[Start of section]
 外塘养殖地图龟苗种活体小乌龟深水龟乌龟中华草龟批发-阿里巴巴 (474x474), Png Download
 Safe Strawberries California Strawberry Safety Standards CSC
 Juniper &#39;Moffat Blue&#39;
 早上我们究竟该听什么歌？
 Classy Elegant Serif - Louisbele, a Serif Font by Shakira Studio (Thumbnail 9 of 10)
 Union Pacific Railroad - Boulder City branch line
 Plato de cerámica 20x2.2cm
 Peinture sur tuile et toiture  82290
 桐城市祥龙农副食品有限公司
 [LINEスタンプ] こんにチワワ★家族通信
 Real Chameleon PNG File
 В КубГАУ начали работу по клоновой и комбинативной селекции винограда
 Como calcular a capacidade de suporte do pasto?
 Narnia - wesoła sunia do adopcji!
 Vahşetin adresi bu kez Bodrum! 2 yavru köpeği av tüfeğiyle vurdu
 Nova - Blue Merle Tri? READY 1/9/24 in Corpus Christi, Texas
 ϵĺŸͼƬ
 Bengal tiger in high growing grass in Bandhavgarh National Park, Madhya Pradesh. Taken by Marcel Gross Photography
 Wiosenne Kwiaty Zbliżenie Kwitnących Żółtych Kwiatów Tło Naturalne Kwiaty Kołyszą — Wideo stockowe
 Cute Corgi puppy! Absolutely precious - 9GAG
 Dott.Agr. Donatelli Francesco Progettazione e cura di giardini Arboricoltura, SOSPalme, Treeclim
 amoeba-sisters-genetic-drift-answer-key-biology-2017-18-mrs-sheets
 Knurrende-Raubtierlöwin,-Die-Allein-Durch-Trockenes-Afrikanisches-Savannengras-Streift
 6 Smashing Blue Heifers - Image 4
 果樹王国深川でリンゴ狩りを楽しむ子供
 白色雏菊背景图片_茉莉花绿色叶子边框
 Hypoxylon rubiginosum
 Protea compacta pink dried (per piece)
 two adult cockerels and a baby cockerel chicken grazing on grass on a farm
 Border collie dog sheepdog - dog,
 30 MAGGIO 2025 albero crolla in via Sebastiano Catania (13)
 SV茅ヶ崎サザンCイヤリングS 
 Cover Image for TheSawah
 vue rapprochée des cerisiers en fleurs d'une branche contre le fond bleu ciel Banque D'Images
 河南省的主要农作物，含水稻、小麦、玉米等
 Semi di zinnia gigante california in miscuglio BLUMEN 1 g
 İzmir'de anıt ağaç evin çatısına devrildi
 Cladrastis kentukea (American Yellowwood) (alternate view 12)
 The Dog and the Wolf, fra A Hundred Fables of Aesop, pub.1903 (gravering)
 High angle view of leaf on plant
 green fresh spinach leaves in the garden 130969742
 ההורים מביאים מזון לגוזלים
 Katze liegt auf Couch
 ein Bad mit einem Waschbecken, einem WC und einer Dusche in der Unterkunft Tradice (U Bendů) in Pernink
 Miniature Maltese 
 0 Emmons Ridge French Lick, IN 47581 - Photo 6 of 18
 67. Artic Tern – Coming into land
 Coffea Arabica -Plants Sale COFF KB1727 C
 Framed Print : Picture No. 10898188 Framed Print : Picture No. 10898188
[End of section]
- Exercise details
Copy the records above exactly, leaving nothing out.

- Task response
 外塘养殖地图龟苗种活体小乌龟深水龟乌龟中华草龟批发-阿里巴巴 (474x474), Png Download
 Safe Strawberries California Strawberry Safety Standards CSC
 Juniper &#39;Moffat Blue&#39;
 早上我们究竟该听什么歌？
 Classy Elegant Serif - Louisbele, a Serif Font by Shakira Studio (Thumbnail 9 of 10)
 Union Pacific Railroad - Boulder City branch line
 Plato de cerámica 20x2.2cm
 Peinture sur tuile et toiture  82290
 桐城市祥龙农副食品有限公司
 [LINEスタンプ] こんにチワワ★家族通信
 Real Chameleon PNG File
 В КубГАУ начали работу по клоновой и комбинативной селекции винограда
 Como calcular a capacidade de suporte do pasto?
 Narnia - wesoła sunia do adopcji!
 Vahşetin adresi bu kez Bodrum! 2 yavru köpeği av tüfeğiyle vurdu
 Nova - Blue Merle Tri? READY 1/9/24 in Corpus Christi, Texas
 ϵĺŸͼƬ
 Bengal tiger in high growing grass in Bandhavgarh National Park, Madhya Pradesh. Taken by Marcel Gross Photography
 Wiosenne Kwiaty Zbliżenie Kwitnących Żółtych Kwiatów Tło Naturalne Kwiaty Kołyszą — Wideo stockowe
 Cute Corgi puppy! Absolutely precious - 9GAG
 Dott.Agr. Donatelli Francesco Progettazione e cura di giardini Arboricoltura, SOSPalme, Treeclim
 amoeba-sisters-genetic-drift-answer-key-biology-2017-18-mrs-sheets
 Knurrende-Raubtierlöwin,-Die-Allein-Durch-Trockenes-Afrikanisches-Savannengras-Streift
 6 Smashing Blue Heifers - Image 4
 果樹王国深川でリンゴ狩りを楽しむ子供
 白色雏菊背景图片_茉莉花绿色叶子边框
 Hypoxylon rubiginosum
 Protea compacta pink dried (per piece)
 two adult cockerels and a baby cockerel chicken grazing on grass on a farm
 Border collie dog sheepdog - dog,
 30 MAGGIO 2025 albero crolla in via Sebastiano Catania (13)
 SV茅ヶ崎サザンCイヤリングS 
 Cover Image for TheSawah
 vue rapprochée des cerisiers en fleurs d'une branche contre le fond bleu ciel Banque D'Images
 河南省的主要农作物，含水稻、小麦、玉米等
 Semi di zinnia gigante california in miscuglio BLUMEN 1 g
 İzmir'de anıt ağaç evin çatısına devrildi
 Cladrastis kentukea (American Yellowwood) (alternate view 12)
 The Dog and the Wolf, fra A Hundred Fables of Aesop, pub.1903 (gravering)
 High angle view of leaf on plant
 green fresh spinach leaves in the garden 130969742
 ההורים מביאים מזון לגוזלים
 Katze liegt auf Couch
 ein Bad mit einem Waschbecken, einem WC und einer Dusche in der Unterkunft Tradice (U Bendů) in Pernink
 Miniature Maltese 
 0 Emmons Ridge French Lick, IN 47581 - Photo 6 of 18
 67. Artic Tern – Coming into land
 Coffea Arabica -Plants Sale COFF KB1727 C
 Framed Print : Picture No. 10898188 Framed Print : Picture No. 10898188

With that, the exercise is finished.